Regardless of how it came to be, I found myself in unsupervised possession of a makeshift branding iron, and with the help of my father's coveted woodworking chisels, attempted to make one of those routed and wood-burned family name signs out of a piece of split firewood.  The house didn't burn down, nor did I, but I was on my way to trying to make handsome things, ugly as that sign was.

Fly tying fits in a category of its own for me in this quest to make pretty things, being that the flies themselves, while sometimes pleasing to the eye, will always be a function of their end goal as a fish catching tool.  I don't tie well enough for my stuff to be displayed in a lucite box on the mantle, nor would I want it to be.  But that doesn't mean I don't wish my functional flies to be beautiful either.

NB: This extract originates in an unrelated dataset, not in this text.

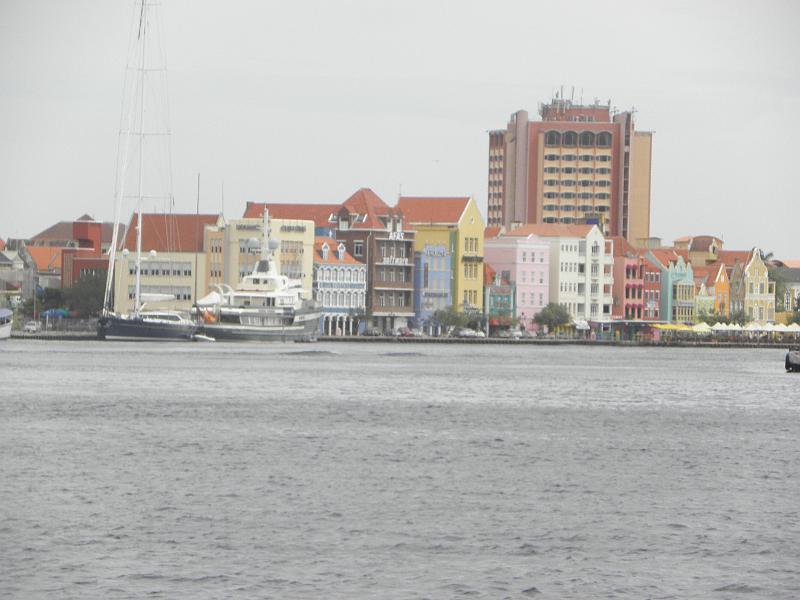 P6130744.JPG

It's bit of a balancing act.  There comes a moment in the tying of almost every fly when it would be good enough to catch fish, probably fool them quite handily, but it is also not yet finished because it's not pretty enough to snag the angler.  There's the thing -- the tyer could stop right there, when it's still a tad ragged, doesn't have the last bit of embellishment in a little glossy head or the perfect set of sparkling eyes, but I often can't.  It's not enough that it entice the fish, the fly must first enchant the fisherman or it will never leave the box.

I'm not a production tyer most of the time.  My flies are for me.  I tie for my edification and for my fishing, but I'm also a prodigious producer once things start to roll, so I often end up with a cache of flies to be sold on Craigslist or to like-minded friends and acquaintances who chase the same species I do.

All my personal fly boxes are full.  The current overstock pile.


I've never felt more like a drug dealer than the time last year when a vaguely sketchy Craigslist fellow (everyone you  meet through Craigslist feels vaguely sketchy, if not downright frightening) met me in a Pizza Hut parking lot, and began peeling twenties off a gangster roll to buy a big batch of my smallmouth flies.  That doesn't happen very often, but it was fun in that salacious, pretend-you're-a-villain just-for-a-second kind of way.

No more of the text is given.